Loop — Sonancy | The Quietus

Loop

Sonancy

It's been thirty-two years since the last Loop record. The new one may well be their best yet, finds Julian Marszalek

The nosebleed end of tQ’s demographic will recall a time when five years spent between albums would mean a career reboot and a total re-acquaintance with an artist’s oeuvre. More often than not, the whole process would resemble that awkward moment when you’d bump into someone from your dim and distant past and try to decide whether you’d liked them or not in the first place, let alone head down the pub to find out. But thirty-two years between albums? That’s some gap that Loop have got to fill, right? And to think that Tool fans consider themselves to be long-suffering…

And yet for all that, it’s not a sense of relief that greets Sonancy, Loop’s first full-length release since 1990’s magnificent A Guilded Eternity, but the gradual realisation that the band have delivered what is quite probably the high watermark of their career. There exists a tendency to equate that “their” with lynchpin and founder Robert Hampson. But as much as Sonancy may well be driven by his vision, it’s a stunning team effort that delivers this collection into the centre of your brain and beyond.

At first glance, Sonancy is an album that couldn’t be made by anybody but Loop. Fuzz guitars? Check! Repetition? Step right this way, sir! A subtle garnish of ambient sounds to stretch out the sound and experience? Ambassador, you are really spoiling us! But hold it right there because dig that little bit deeper and that’s where you’ll find the real truffles: what we’re talking about here is precision.
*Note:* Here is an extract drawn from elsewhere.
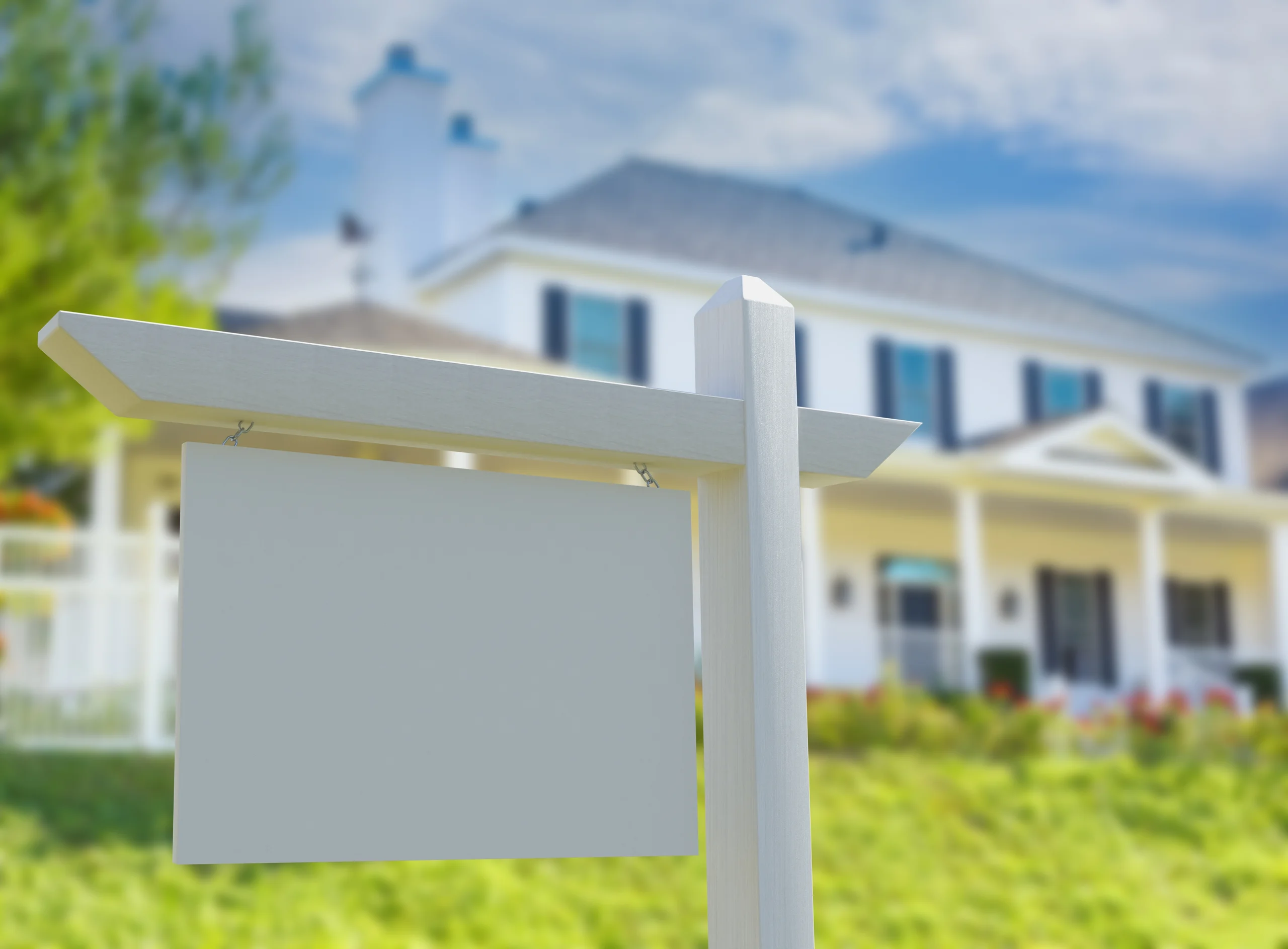 CMHC Puts Canada's Affordability Target at 417,000 Starts as Toronto Needs 50% More Homes Built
This, in part, is thanks to the watertight rhythm section of drummer Wayne Maskel and bassist Hugo Morgan. Already embedded in Loop’s line-up for the last seven years, their relationship was forged in the onslaught of Bristol’s psychedelic overlords The Heads and their near-telepathic locking in on the groove is at the root of Loop’s recorded resurrection. Witness the bounce of the bass as it moves in time with the skittering of the drums on ‘Halo’, a move that conspires to aim for the hips as much as it does the head. You feel the roll as much as the rock.
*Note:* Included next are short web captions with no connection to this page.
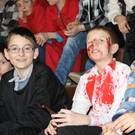 IMG_8474.jpg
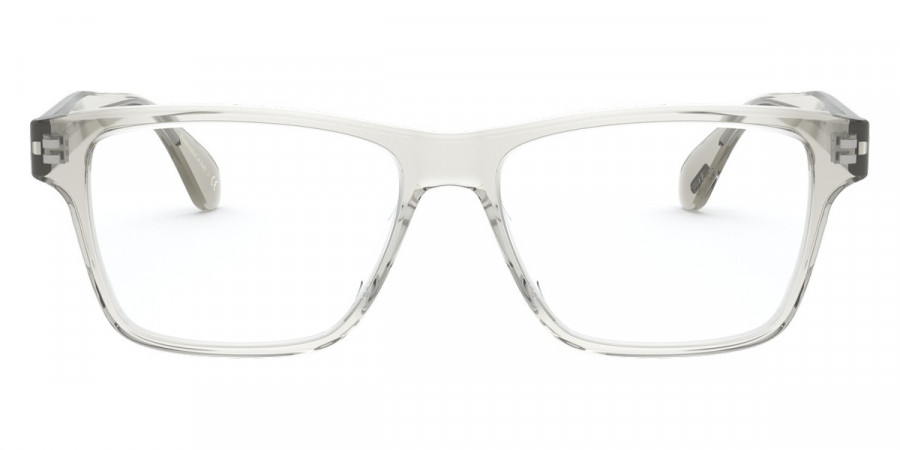 Oliver Peoples™ - OV5416U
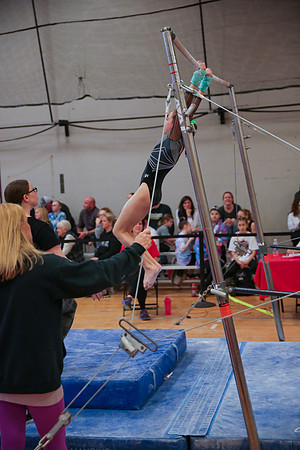 JMS_2341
With less decay and bleed coming from the guitars, Sonancy benefits from a greater degree of separation in its instrumentation. Consequently, every track gets to breath. There’s little stifling claustrophobia at play here and much like the psychedelic experience, the music reaches and stretches out for a greater truth and space.
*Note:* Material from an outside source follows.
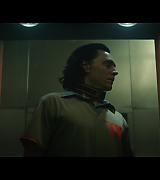 Loki-1x01-0269.jpg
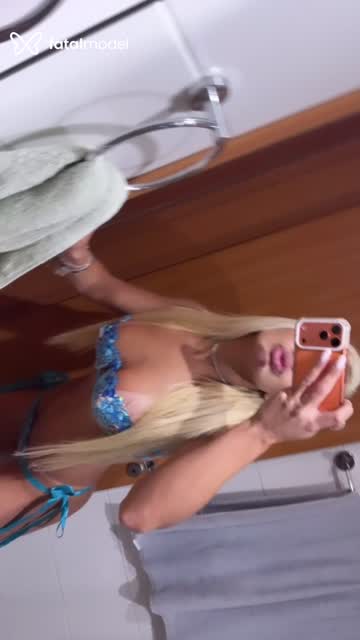 Mídia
The layers of fuzz guitar add to the joy. Scything through with crispness and precision, the six string interplay is brought into sharp focus on the breathtaking ‘Fermion’ as one fuzz guitar piles on to the other before stepping back once again as the rhythm section grooves inexorably on. As the last slices of ‘Aurora’ give way to ambient soothing, the desire to head back to the beginning again and again is testament to Sonancy’s magnificence. A welcome return and then some.